Commodity Traders’ Expansion on Easy Money Seen as a RiskRudy Ruitenberg
Commodity trading companies active in multiple markets have used easy access to finance to expand their physical holdings, creating a potential “systemic” risk, according to two research groups in Brussels.
The merger of Glencore and Xstrata Plc signals commodity trading has reached “a tipping point,” where more investments in physical holdings rather than futures or services may lift profitability, according to a report by the Centre for European Policy Studies with the European Capital Markets Institute.
The 10 largest trading houses, which include Vitol Group, Baar, Switzerland-based Glencore Xstrata Plc and Trafigura, had almost $1 trillion in revenue in 2011, according to the report. Glencore and Trafigura declined to comment, while Vitol said commodity traders are unlikely to pose a systemic risk.
“The use of financial leverage to increase physical holdings, through the easy access to international finance helped by accommodating monetary policies, may have systemic implications,” according to the researchers. Disclosure of physical holdings and a minimum amount of information that must be provided to regulators could reduce the risks for governments, the researchers wrote.
Any failure of a commodity trader wouldn’t pose a substantial risk to the economy, Craig Pirrong, a professor of finance at the University of Houston, said in May, citing an unpublished study for the Global Financial Markets Association.
Vitol, the world’s largest independent oil trader, reported revenue of $303 billion last year and Trafigura Beheer BV’s sales were $120.4 billion. Glencore Xstrata, the largest listed commodity merchant, had $189.7 billion in marketing revenue last year.
“As highlighted by the collapse of Enron, one of the largest energy trading companies of its time, physical traders are highly unlikely to pose systemic risks -- their positions are largely physical, hedged, liquid and short-term,” Vitol wrote in an e-mailed comment. “Trading houses should be allowed to fail and, when they have, there has been little or no disruption to the orderly functioning of markets or the supply of commodities.”
More than 5,000 jobs and $1 billion in employee retirement funds were wiped out when Enron Corp. plunged into bankruptcy in December 2001. Investors sued to recover more than $40 billion in market losses.
“Information on financial and physical activities for some of these global firms is limited, so an assessment by supervisors of financial stability and market structure implications is currently very hard to perform,” the researchers wrote.
CEPS is a policy researcher, which gets funding from the European Union, companies and national goverments. ECMI is part of CEPS and produces policy briefings and research reports on European capital markets.
International coordination may be needed to share information about physical holdings by commodity-trading companies, according to the report.
The researchers found linking of the global physical commodity markets with the financial system and accommodating monetary policy have raised the effect of the economic cycle and commodities’ vulnerability to short-term shocks coming from the financial system.

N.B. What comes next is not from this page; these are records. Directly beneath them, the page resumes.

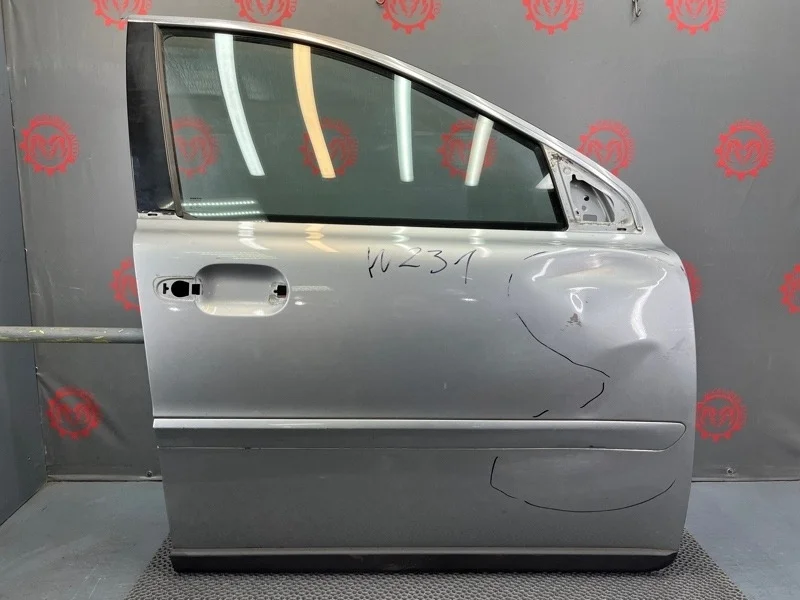 Дверь Volvo XC90 2010 31385357 2.4 D5244T4, передняя правая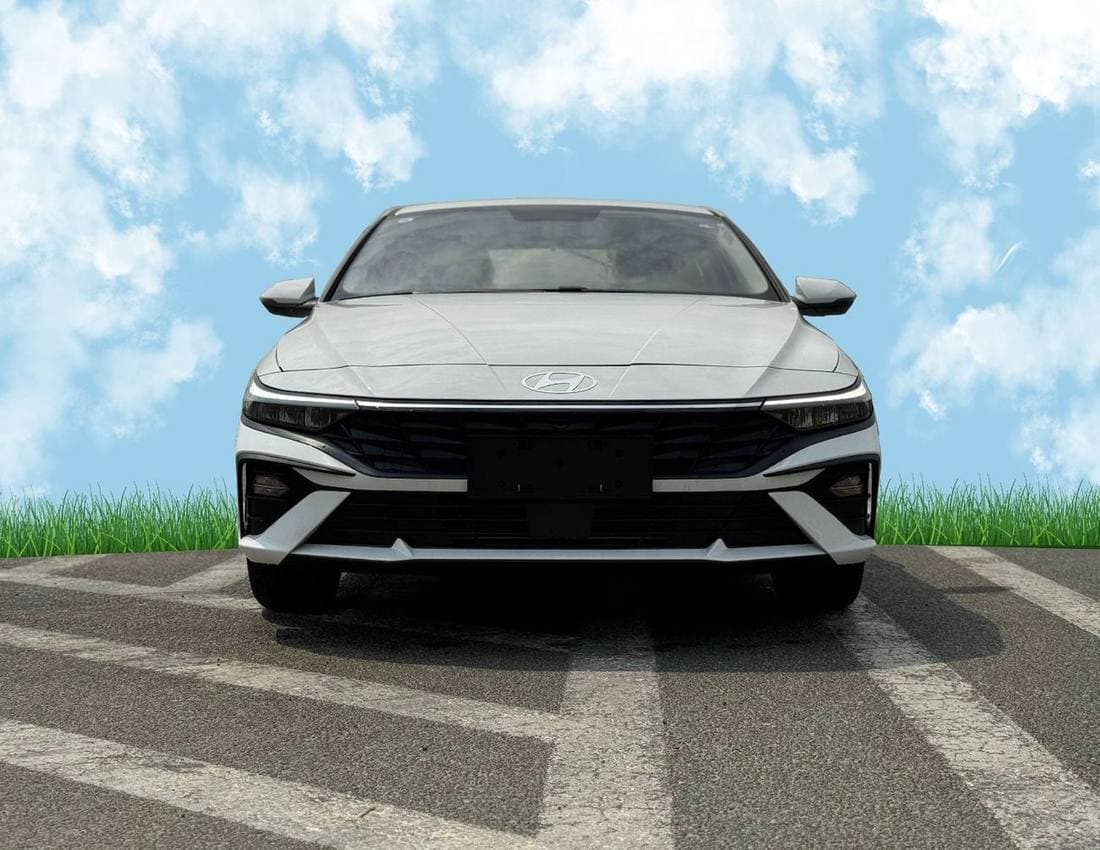 2025 Hyundai Elantra COMFORT thumbnail 2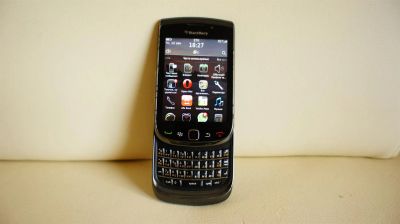 Лот: 3169181. Фото: 1. Продам смартфон BlackBerry 9800... Смартфоны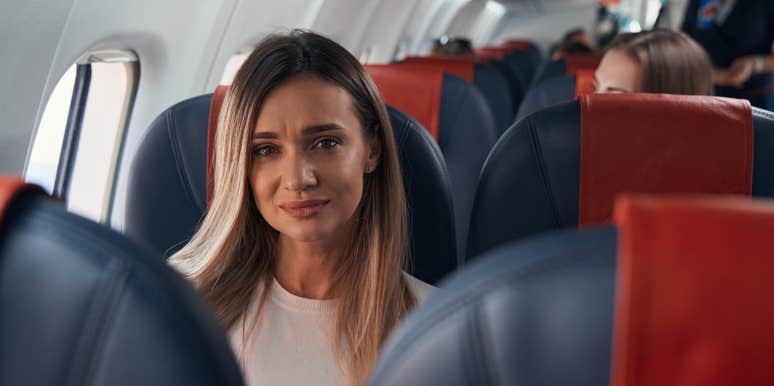 Woman Can’t Stop Crying After Reading A Text Plane Passenger Wrote About Her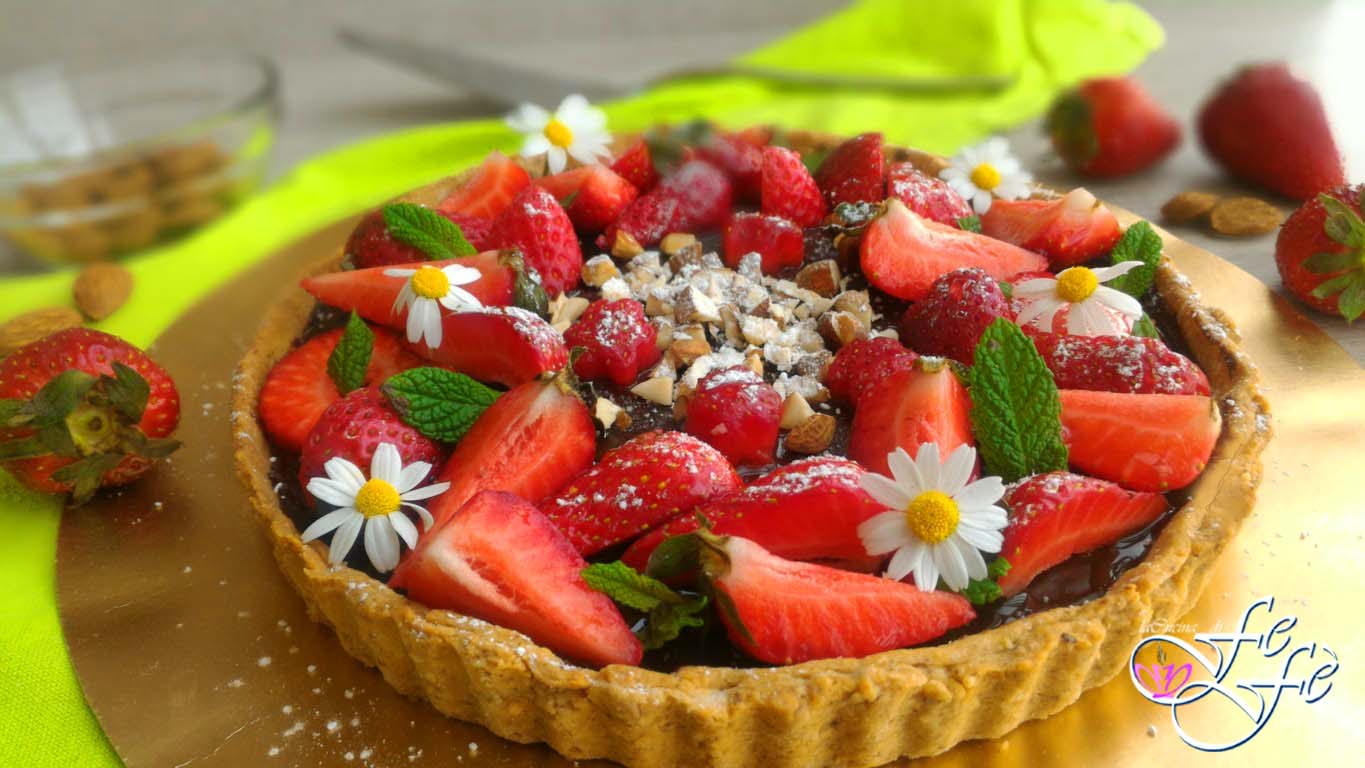 TARTA DE ALMENDRAS SICILIANAS CON GANACHE DE CHOCOLATE NEGRO Y FRESAS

Demand and supply fundamentals remain “solid” long-term drivers of commodity futures’ price formation in all studied markets, according to the report. CEPS and ECMI looked at oil, natural gas, iron ore, aluminum, copper, wheat, corn, soybean oil, sugar, cocoa and coffee.
The role of non-commercial operators in commodity markets has been “generally benign,” and the growth of index investments has not yet caused distortions in price formation, according to the report.
“An indiscriminate ban on legitimate trading practices may result in liquidity losses at the expense of the efficiency of price formation,” CEPS and ECMI wrote.
Claims that the size of futures markets compared to physical markets may distort price formation could be neither proven nor ruled out, according to the report. Annual volumes of trading in the main corn future is as much as nine times larger than physical production, it said.
Public spending on infrastructure or technology to improve production may be beneficial alternatives to price subsidies, which have a possible distorting effect, the organizations wrote. China overtook the U.S. as the biggest subsidizer of agricultural commodities in 2012 at about $180 billion, according to the report.